23 August 2023

if a gifted young man ...

On August 23rd we commemorate the quiet roll-out of a radical peacenik religious sect: the Calm-ish.
Porridger’s Almanack (Breakfast of Ganglions)

Always look on the bright side of death, just before you draw your terminal breath....

— Eric Idle

If something is peculiar, is it necessarily of interest? I suppose not.
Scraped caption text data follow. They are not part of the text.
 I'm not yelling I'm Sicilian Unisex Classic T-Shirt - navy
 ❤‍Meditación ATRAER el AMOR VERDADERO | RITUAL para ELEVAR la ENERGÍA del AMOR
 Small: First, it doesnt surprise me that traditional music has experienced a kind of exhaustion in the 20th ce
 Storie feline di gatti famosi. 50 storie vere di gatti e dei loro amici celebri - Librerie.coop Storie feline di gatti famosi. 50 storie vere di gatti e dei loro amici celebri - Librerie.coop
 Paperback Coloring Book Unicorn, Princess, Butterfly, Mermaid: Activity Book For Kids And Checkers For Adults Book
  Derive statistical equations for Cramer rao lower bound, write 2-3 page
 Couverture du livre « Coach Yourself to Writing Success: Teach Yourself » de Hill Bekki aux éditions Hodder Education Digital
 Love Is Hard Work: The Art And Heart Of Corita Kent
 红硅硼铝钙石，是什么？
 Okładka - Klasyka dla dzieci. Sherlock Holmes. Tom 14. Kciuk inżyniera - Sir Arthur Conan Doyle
Divers applications of some elements traditional to Jazz. Listening

to some Copland today. Life would be less interesting, I think, if I

lived a sheltered intellectual life of feeling that I was somehow,

miraculously, never mistaken. It’s almost 40 years since I was

graduated with a baccalaureate, and I still check my work. I smile

at remembering Walter Damrosch saying of Copland’s Organ

Symphony: “if a gifted young man can write a symphony like that

at age twenty-three, within five years he will be ready to commit

murder.” You wouldn’t think this a big deal, but I’ve found a brand

of tea whose cardboard box it is easynay, practically effortless—to undo so that it is simply flat. Five years

ago I gave a pre-concert lecture to an audience consisting mostly of

retirees, basically so that they would not flip out over my music,

which was going to be completely unfamiliar to them. The lecture,

no less than the presentation and reception of the piece, was a

success. The idea of setting myself an obligation to commit words to

what I shall out of convenience call “paper” strikes me as a little

peculiar. Not absolutely peculiar, not peculiar for everyone , just for

me. I never knew that Copland scored a version of the symphony

sans orgue. Checking my work often results in learning newer and

better. Also listening to Boris Pasternak playing Copland’s Piano

Fantasy. It’s been too long. Funny to think that this was one of the

first Naxos CDs I ever bought, at the Borders which used to be on

Washington Street in Boston. I shall hope it isn’t somehow elitist

to find something peculiar only for myself. After all, I’m perfectly

happy that it be peculiar for anyone else, too. I didn’t always know

that Damrosch was joking in order to blunt the ire of the bluehairs

at the shock of some new music. Such successes are still quite rare

for me. I do not think that rarity is any fault in the music.


  1. Jack Gallagher

  2. Paul Schwartz

  3. Judith Shatin

  4. Walter Ross

  5. Charles Wuorinen

  6. Louis Andriessen

Of these six esteemed composers with whom I had the rich and arguably undeserved privilege to study, the number of music professionals who taught me that the craft and practice of composition included the dodge of having someone else do the work for you was precisely Zero. Osbert Foxglove [not his real name] is beneath contempt. One of my modest wishes is never to be too old to learn. Copland actually designated the piece, Symphony for Organ and Orchestra. Saint-Saëns, Symphonie avec orgue.